What you’ll learn
- Funny ads: why humor sells and how to do it right
- Why humor works in advertising
- The types of humor in ads
- 18 funny ad examples and the lesson each one teaches
- How to use humor in your own ads
- Humor by channel: social, video, and OOH
Funny ads: why humor sells and how to do it right
Funny ads use humor — a joke, an absurd premise, a witty line — to grab attention, earn a laugh, and make a brand stick. The best funny advertisements never make the joke the point: comedy is the wrapper around a real product truth, so people remember both the gag and who told it.
Below you will find the psychology of why humor in advertising works, the main types of humor (with a comparison table), 18 funny ad examples and the lesson each one teaches, a channel-by-channel playbook, the real risks of funny commercials, and a step-by-step way to write your own. Whether you are studying funny small ads for inspiration or building your next campaign, this guide covers it.

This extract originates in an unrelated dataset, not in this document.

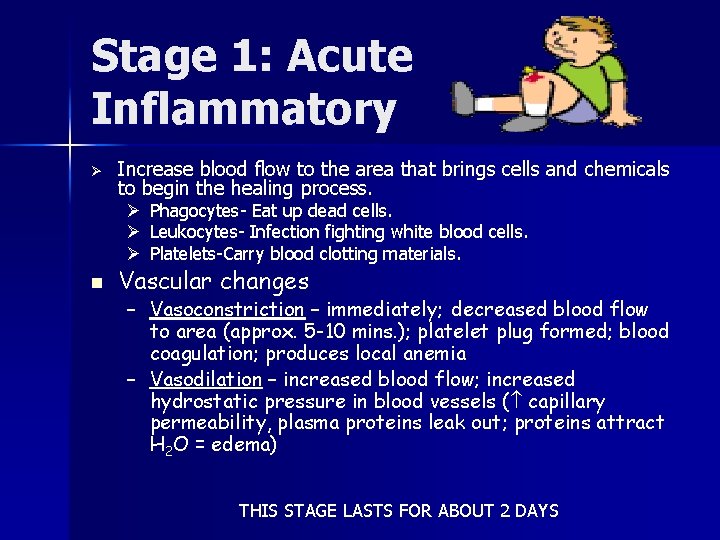 Stage 1: Acute Inflammatory Ø Increase blood flow to the area that brings cells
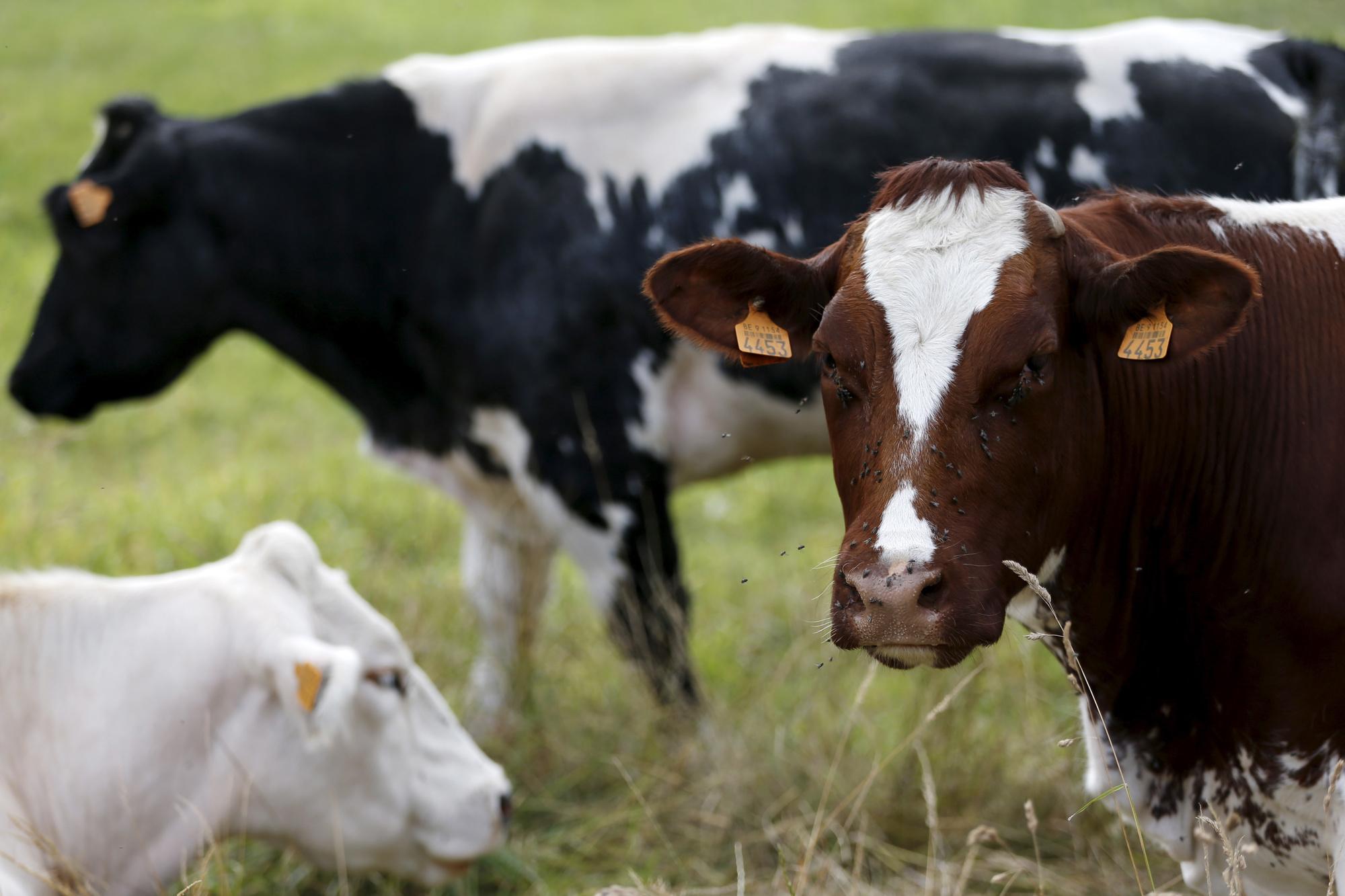 Belgische koeien eten minder soja dan soms wordt aangenomen.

Why humor works in advertising
Laughter is a shortcut to attention, memory, and liking — the three things every ad fights for. When a funny ad lands, the brain rewards the audience with a hit of positive feeling, and that feeling gets tied to the brand. Humor lowers people's guard against being sold to, which is exactly why funny commercials outperform earnest ones at getting remembered.

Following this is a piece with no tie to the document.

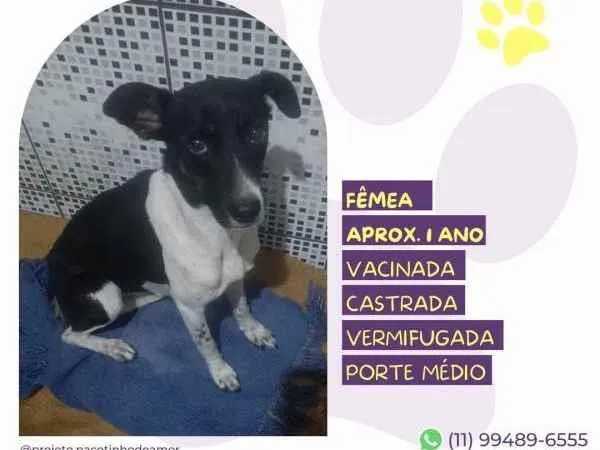 Cachorro ra a SRD-ViraLata idade 1 ano nome Matilda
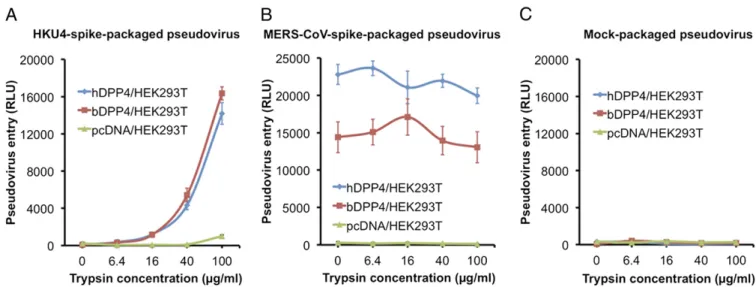 Fig. 2. HKU4- and MERS-CoV-spike-mediated pseudovirus entry into human cells. Retroviruses pseudotyped with HKU4 spike (A), MERS-CoV spike (B), or no spike (mock) (C) were incubated with gradient concentrations of trypsin and used to enter HEK293T cells (e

There is hard evidence behind the laughs. Humor drives four outcomes advertisers care about most:
Break it down and humor delivers on four jobs at once:
- Attention. A surprising or absurd opening interrupts the scroll. Humor relies on the unexpected, and the unexpected is what stops a thumb.

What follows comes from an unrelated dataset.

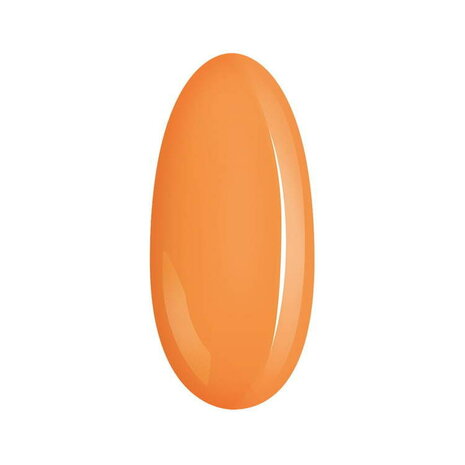 Néonail |  simple protein 3in1 - Creativity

- Memorability. Emotion encodes memory. A laugh tags the ad as worth keeping, so the message survives long after the viewing.
- Likability. A brand that makes you laugh feels human and confident. Likability is a strong predictor of preference in low-involvement categories.
- Shareability. People share what makes them feel something. A funny ad turns viewers into a free distribution channel, multiplying paid reach with earned reach.
The catch — and the thing every great campaign gets right — is brand linkage. Humor only pays off when the joke is fused to the product or positioning. Get a laugh but lose the brand, and you have entertained the audience for a competitor.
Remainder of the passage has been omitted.